- A polícia italiana prendeu dois paquistaneses suspeitos de assassinar quatro trabalhadores agrícolas migrantes em um incêndio criminoso na Calábria, sul da Itália, na terça-feira, 2.
- As vítimas eram três afegãos e um paquistanês e foram carbonizadas dentro de uma van em Corigliano-Rossano.
- Segundo as investigações, os suspeitos teriam bloqueado as portas, despejado gasolina no interior do veículo e ateado o fogo com um isqueiro; os responsáveis foram identificados por imagens de um posto de gasolina e pelo relato de um sobrevivente.
- Os suspeitos atuavam como caporales, intermediários que recrutavam e controlavam trabalhadores rurais em condições precárias; o sobrevivente afirmou que os migrantes recebiam apenas alimentação e alojamento, sob ameaças para controle.
- O caso reacende o debate sobre o caporalato e a exploração de migrantes; estima-se que cerca de setenta por cento dos operários rurais trabalhem sem contrato, e a Itália prevê endurecimento com penas de até seis anos e confisco de bens, mas a fiscalização ainda demanda mais inspetores.
O que aconteceu nesta terça-feira, 2, na Calábria, sul da Itália: dois paquistaneses foram presos pela polícia local pelo suposto assassinato de quatro trabalhadores agrícolas migrantes em um incêndio criminoso em Corigliano-Rossano. A operação ocorreu durante a investigação que busca esclarecer as circunstâncias do crime.
As vítimas são três homens afegãos e um paquistanês, todos encontrados carbonizados dentro de uma van. Segundo investigações, o veículo teve as portas bloqueadas e gasolina despejada antes de ser incendiado com um isqueiro, conforme imagens de monitoramento de um posto de gasolina e o relato de um sobrevivente.

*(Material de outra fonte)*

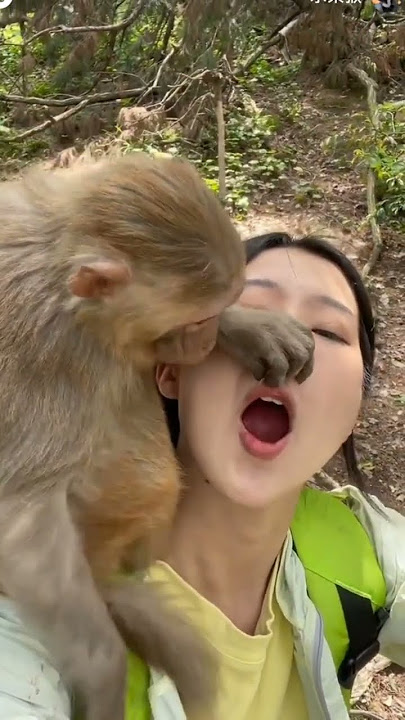 MONYET GENIT #funny #monyet #viralvideo #shorts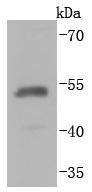 Anti-HA Tag Antibody-HRP (7X445)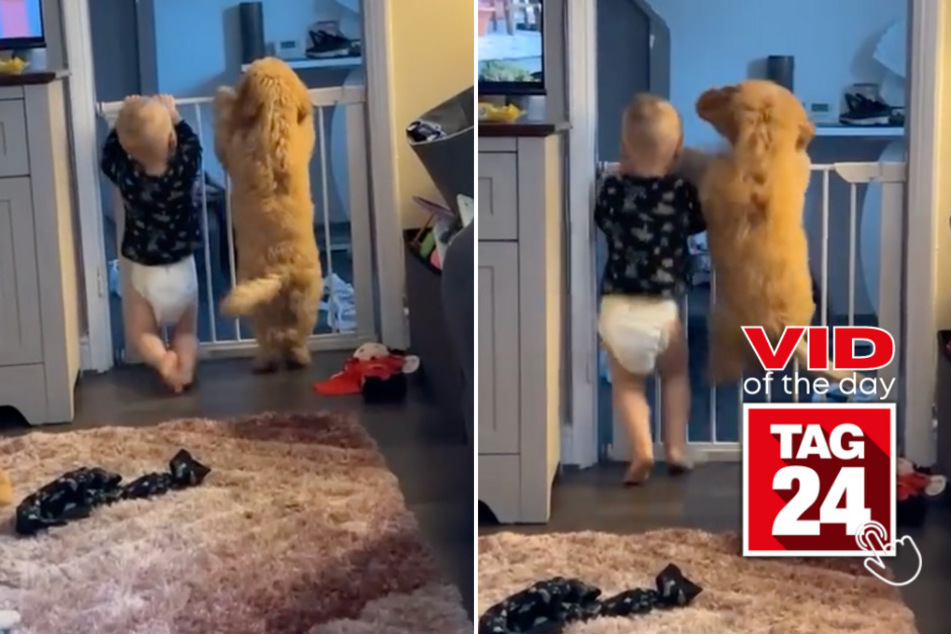 viral videos: Viral Video of the Day for February 16, 2024: Little boy and golden pup win millions of hearts on TikTok!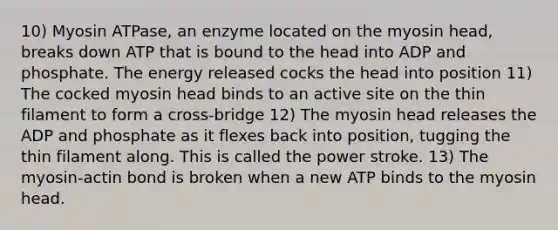 10) Myosin ATPase, an enzyme located on the myosin head, breaks down ATP that is bound to the head into ADP and phosphate. The energy released cocks the head into position 11) The cocked myosin head binds to an active site on the thin filament to form a cross-bridge 12) The myosin head releases the ADP and phosphate as it flexes back into position, tugging the thin filament along. This is called the power stroke. 13) The myosin-actin bond is broken when a new ATP binds to the myosin head.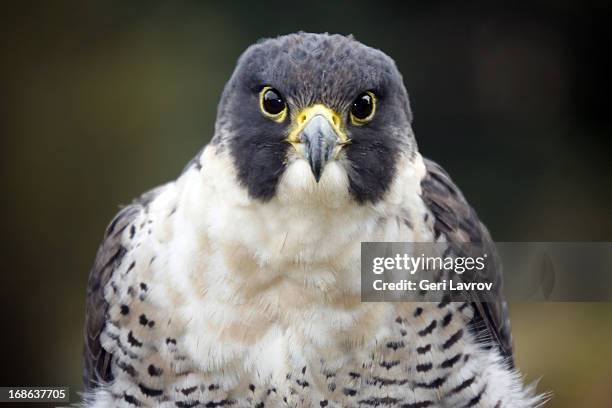 peregrine falcon (closeup) - peregrino fotografías e imágenes de stock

Os suspeitos teriam atuado como caporali, intermediários responsáveis pelo recrutamento e controle informal de trabalhadores rurais, segundo autoridades locais. O sobrevivente contou que os migrantes trabalhavam em plantações de morango e viviam em situação de vulnerabilidade.
Exploração de migrantes
O episódio reacende o debate sobre o caporalato, prática ilegal associada à exploração de trabalhadores migrantes em condições precárias. A polícia investiga se o ataque teve motivação ligada a esse sistema.
De acordo com o sobrevivente, os migrantes recebiam apenas alimentação e alojamento, em condições precárias, sob ameaças para manter o controle. Tal relato reforça as suspeitas sobre o abuso laboral na região.
O presidente da região da Calábria, Roberto Occhiuto, afirmou que o crime levanta questões sobre migração, dignidade humana e responsabilidades da sociedade para com os mais vulneráveis. A edição local também enfatiza a gravidade do caso.
Medidas e contexto
Dados da CGIL indicam que cerca de 70% dos operários agrícolas trabalham sem contrato formal, evidenciando precariedade generalizada. A entidade classificou o assassinato como um episódio de horror indescritível e pediu ações mais efetivas contra abusos.
Apesar de endurecimentos legais em 2025, com penas de até seis anos e confisco de bens, as autoridades reconhecem falhas na fiscalização. Há necessidade de aproximadamente 6 mil novos inspetores do trabalho para ampliar a fiscalização.